Is it possible to define constraints such as refrigerated vehicles required for certain orders?

  • Yes, you can define constraints to match vehicles to order type. Frozen goods are a great example!

What is the role of task_locations in pickup delivey combination?

  • pickup_indices = [0, 2, 4]

  • delivery_indices = [1, 3, 5] # 2 -> 1, 3 -> 4 and 1->4

  • Here the pickup and delivery pairs are indices to the task locations provided, considering following example:

    • task_locations = [2, 1, 3, 4, 1, 4]

    • pickup_indices = [0, 2, 4]

    • delivery_indices = [1, 3, 5] # 2 -> 1, 3 -> 4 and 1->4

    Each pickup and delivery are considered a task, so we have six tasks, three pickups and three deliveries.

    Pickup and Delivery are indices to task locations, 0 in pickup indices correspond to value in 0th index in task locations, so it depicts location - 2, similarly, index 4 represents location -1.

    For something like pickup and delivery pair locations, (2 -> 1), (3->4), (1->4), pickup and delivery pair indices into task location would be (0->1), (2->3), (4->5).

How to model inputs for following scenarios?

  • Same truck picks up and delivers some orders on the way.

  • If we want to tie few orders to particular trucks, we can use vehicle_order_match in fleet_data.

  • If this is a generic question on whether a truck can pick up multiple orders, then it can.

How do we model the following scenario: Pick up from multiple different locations and deliver to a single customer.

  • Pickup from multiple different locations and delivering to a single customer will be handled by algorithm depending on how far the orders are and whether using multiple trucks would reduce the cost.

  • If we want to restrict it to a single truck, then use vehicle_order_match in fleet_data.

  • It can also be modeled as a pickup-delivery problem. Suppose that there are four pickups from different locations and drop off to one location.

  • There will be four pickup-delivery pairs (eight orders in total).

  • The solver can then figure out an optimal way to serve these orders/requests.

  • If these have to be served by only a specified vehicle, use vehicle_order_match.

I know that the problem has a feasible solution, but cuOpt returns infeasible solution. How to avoid this?

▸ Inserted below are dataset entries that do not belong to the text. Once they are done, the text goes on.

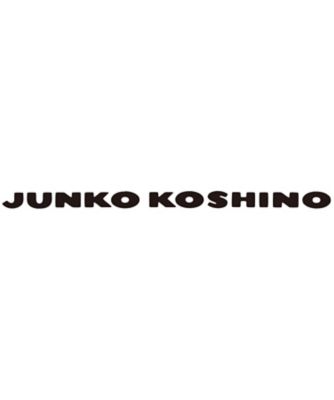 ＪＵＮＫＯ　ＫＯＳＨＩＮＯ　婦人浴衣　菱柄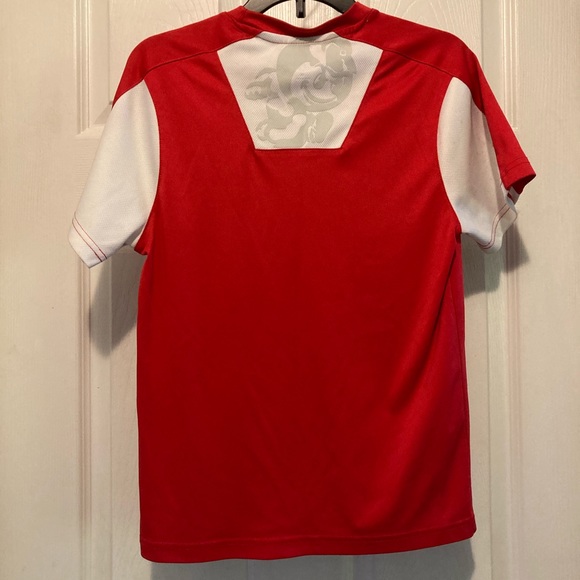 Boys ohio state t-shirt - Picture 2 of 4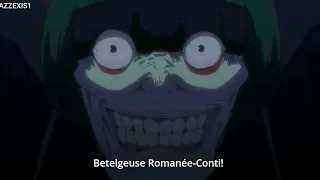 Betlegeuse Crazed Moments | Anime: Re:Zero kara hajimeru isekai seikatsu (Betelgeuse Crazy Moments)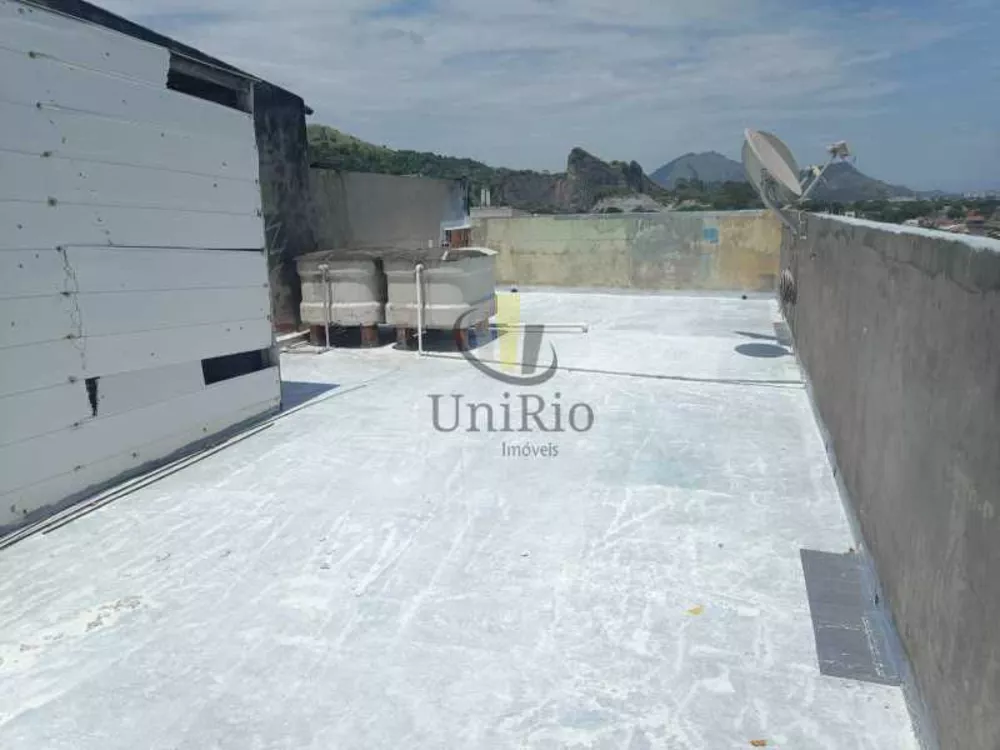 Casa de Condomínio, 3 quartos - Foto 22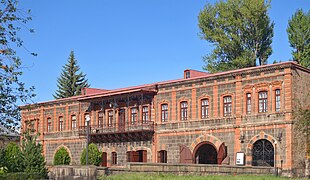 Dzitoghtsyan House Museum 07-09-2019.jpg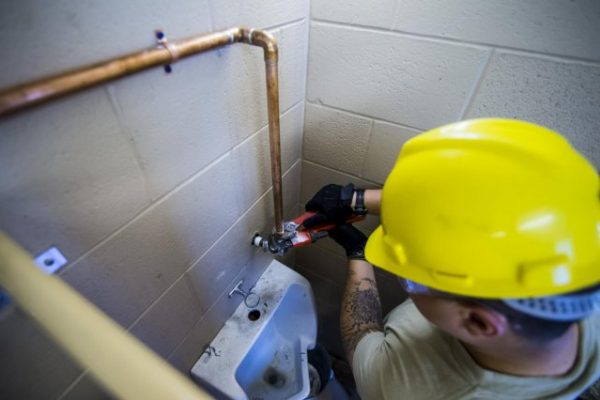 Licensed Darwin Plumbing Contractors from Renovations Directory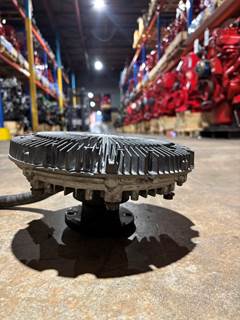 Behr 38MH428M Fan Clutch for Mack, Volvo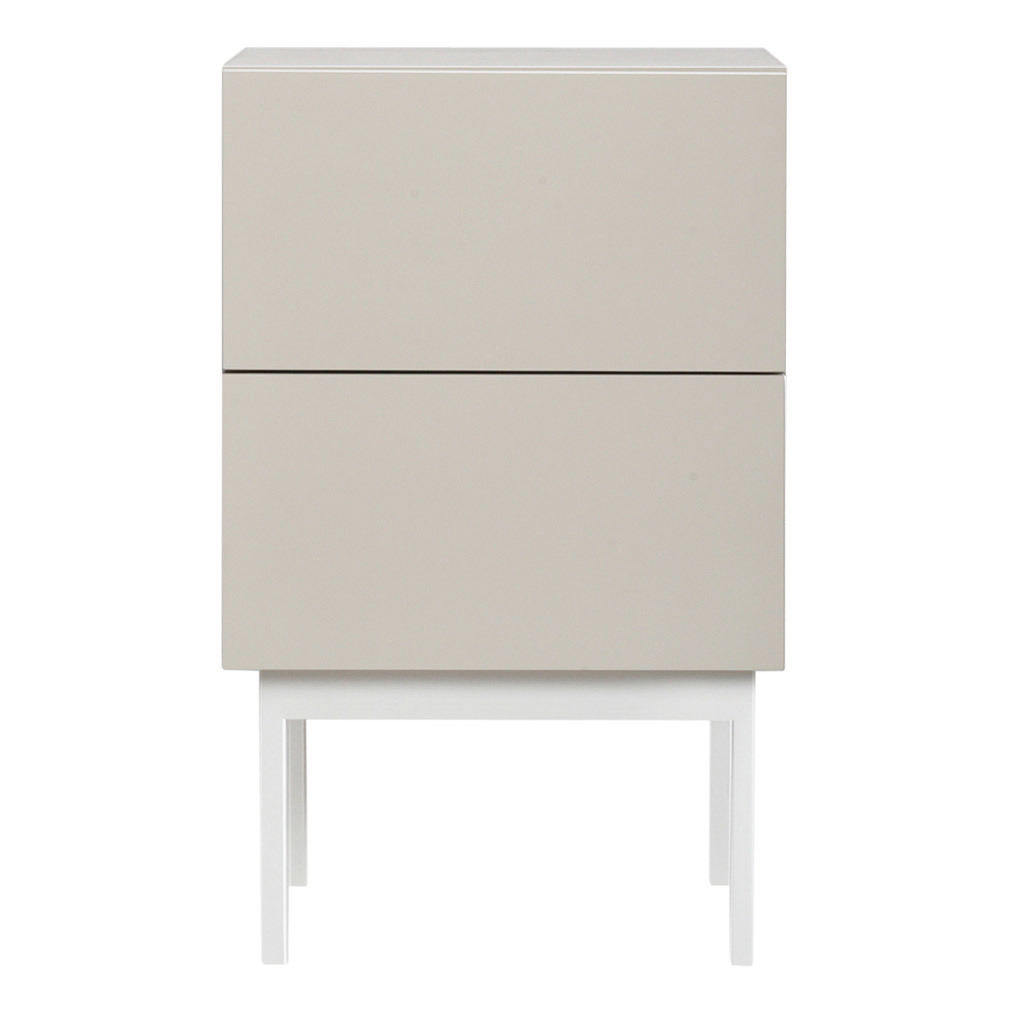 Laine Bedside Table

  • The optimizer first tries to find feasible solutions that may be sub-optimal and then tries to optimize these feasible solutions. If the problem is tightly constrained, it is possible that the solver may not find initial feasible solutions. If this happens, the solver will try to make the solution feasible during the improvement phase. If the solver cannot make the solution feasible, it will return the best and closest feasible solution that could be found along with a message describing which constraints were violated. If it is known that a problem has feasible solutions but the solver is not finding them, it may be because the time limit is too short. Running the solver for a longer duration will improve the chance of finding a feasible solution. Another option is to relax the constraints or provide more vehicles to get a feasible solution.